The chip's graphics processing resources are broken down into four separate "shader engines," each one almost an independent GPU unto itself. Graphics tasks are load balanced between the four engines. Each shader engine has its own geometry processor and rasterizer, effectively doubling the primitive rasterization rate versus Tahiti. That upgrade should improve performance when there are more polygons onscreen, particularly with higher levels of tessellation. In addition, the geometry units have been tweaked to improve data flow, which makes sense. By all accounts, the geometry amplification that happens during tessellation remains a hard problem for GPUs to handle.
If you've been following these things for even a little while, looking at these shader engines will make you feel old. Each one of them has four render back ends capable of blending and outputting 16 pixels per clock cycle. That was pretty much a whole GPU's worth of pixel fill and antialiasing power back in the day. And by "the day," I mean two weeks ago, when we reviewed the Radeon R7 260X. Each shader engine also has 11 of the GCN compute units that give the GPU its number-crunching power. Every CU has four 16-wide vector math units. That works out to 704 "shader processors" per engine, again almost enough to match the scale of a mid-range GPU.
Now, multiply everything in the above paragraph by four, and you've got Hawaii, with a total of 2816 shader processors and 64 pixels per clock of ROP power. At an even 1GHz, Hawaii is capable of 5.6 teraflops of single-precision compute, making it easily the new leader in consumer graphics chips. For compute-focused applications, it can handle double-precision floating-point math at one quarter that rate, still well in excess of a teraflop.

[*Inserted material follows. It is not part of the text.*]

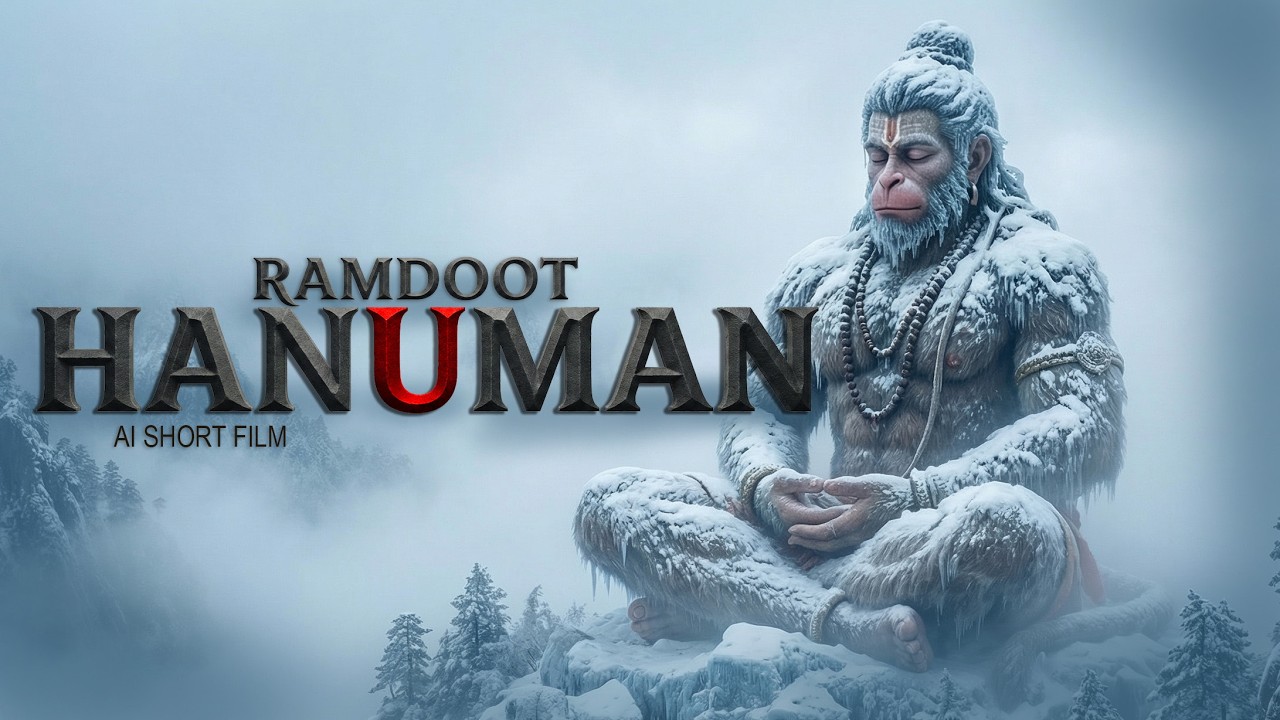 Ramdoot HANUMAN 🔱 | Epic Short Film Made Using AI | Cinematic 4K (जय हनुमान)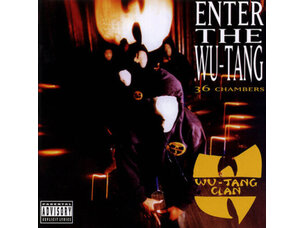 Hip Hop Wu Tang - Enter The Wu Tang 36th Chambers LP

All of this computing power is backed by a 1MB L2 cache. This cache is fully read/write capable and is divided into 16 partitions of 64KB each. The L2's capacity is a third larger than Tahiti's 768KB L2, and AMD says bandwidth is up by a third, as well. The firm claims Hawaii's L1 and L2 caches can exchange data as fast as one terabyte per second, which is more than I can say for my USB 3.0 drive dock.
Oddly enough, the most intriguing thing about Hawaii's basic architecture may be a fairly straightforward engineering tradeoff. The chip has eight 64-bit memory interfaces onboard, giving it, effectively, a 512-bit-wide path to memory. In order to make that wide memory path practical while keeping the chip size in check, the Hawaii team chose to exchange the complex memory PHYs in Tahiti for smaller, simpler ones. Complex PHYs, or physical interface devices, are necessary to drive GDDR5 DRAMs at peak clock frequencies, but they also eat up silicon space. AMD claims Hawaii's 512-bit memory interface occupies 20% less die area than Tahiti's 384-bit interface. As a result, Hawaii's memory operates at lower speeds. The 290X's GDDR5 runs at 5 GT/s, down from 6 GT/s for Tahiti-based cards like the Radeon HD 7970 GHz Edition. Still, overall memory bandwidth is up from 288 GB/s on Tahiti to 320 GB/s with Hawaii, thanks the wider data path.
Of course, Hawaii's advantage of this front extends beyond Tahiti. Nvidia chose a 384-bit interface and 6 GT/s memory rates for its competing GK110 chip, too.